Mac 'n Cheese-Stuffed Potatoes made with RITZ Crackers
Ingredients
- 8 large golden new potatoes (29 oz.)
- 8 oz. uncooked elbow macaroni
Cheese Sauce
- 1¼ oz. unsalted butter
- 1 oz. all-purpose flour
- 20 oz. warm whole milk
- 1½ tsp. mustard powder
- 4½ oz. finely shredded sharp Cheddar cheese
- 1½ oz. chopped cooked bacon
Crumb Topping
- 4¼ oz. RITZ Crushed Crackers, finely ground
- 1 oz. unsalted butter, melted
- ½ oz. finely shredded sharp Cheddar cheese
- 1 Tbsp. chopped fresh parsley
Nutrition per serving
Boil potatoes on medium heat until tender; drain. Set aside until cool. Cook macaroni until al dente. Drain, rinse with cold water and set aside.

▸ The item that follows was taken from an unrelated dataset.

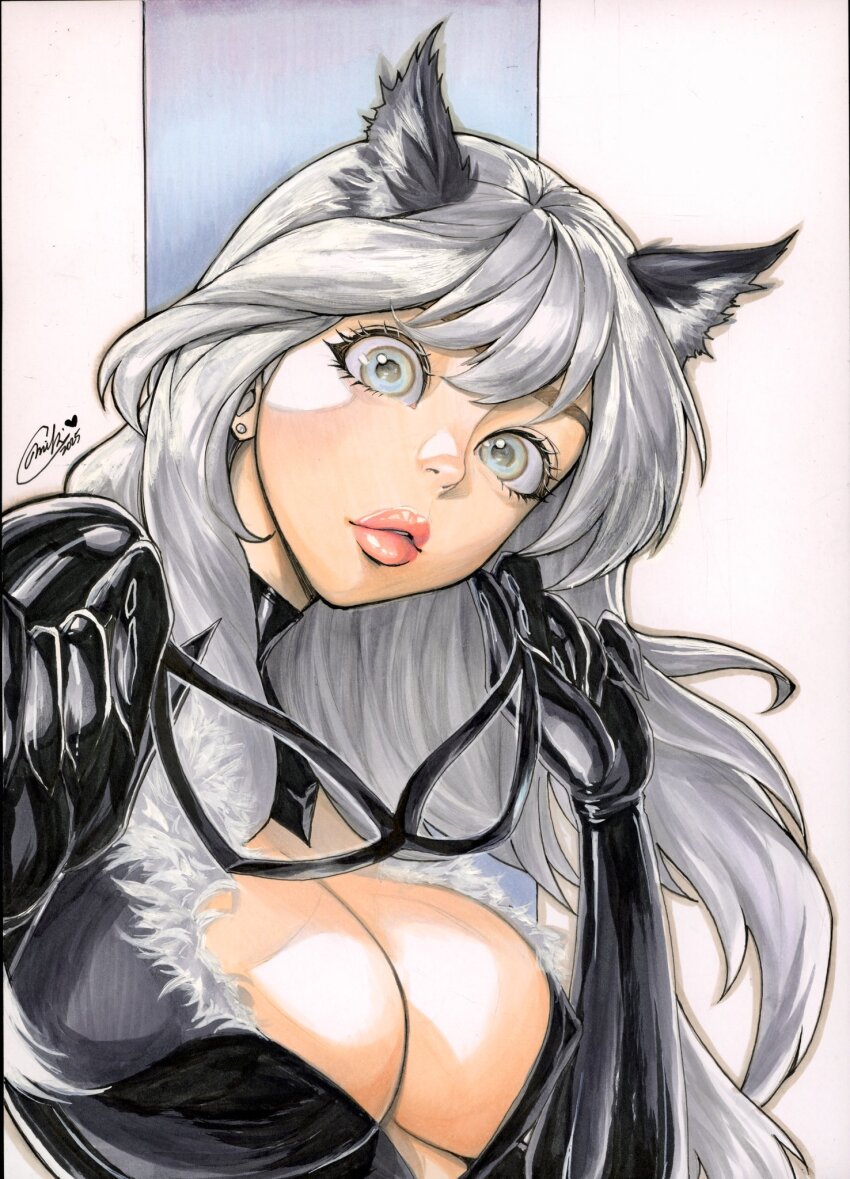 1girl animal_ears black_bodysuit black_cat_(marvel) bodysuit breasts cat_ears cleavage earrings fur_trim grey_eyes highres jewelry large_breasts lipstick long_hair makeup marvel miki_okazaki signature solo white_hair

Melt butter in saucepan on medium heat. Stir in flour to make roux. Cook about 4 min. or until raw flour aroma is gone, stirring frequently. Gradually add milk, stirring until smooth after each addition. Whisk in mustard. Bring to boil. Simmer on low heat, uncovered, 3 min. Add cheese; stir until melted. Stir in cooked macaroni and bacon; set aside.

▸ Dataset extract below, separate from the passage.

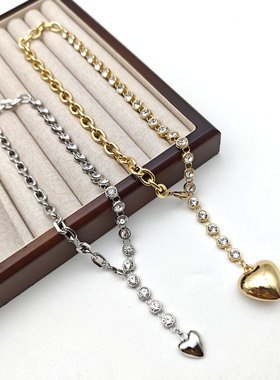 欧美新款时尚简约风爱心吊坠项链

Combine ingredients; set aside.
Cut potatoes horizontally in half; scoop out centers, leaving 1/4-inch-thick shells. (Reserve centers for another use.) Fill each potato half with 1.5 oz. macaroni mixture. Sprinkle with 1/4 oz. Crumb Topping. Arrange on sheet pan.
Bake in 400°F standard oven 9 to 10 min. or until filling is hot. Plate 2 pieces per serving.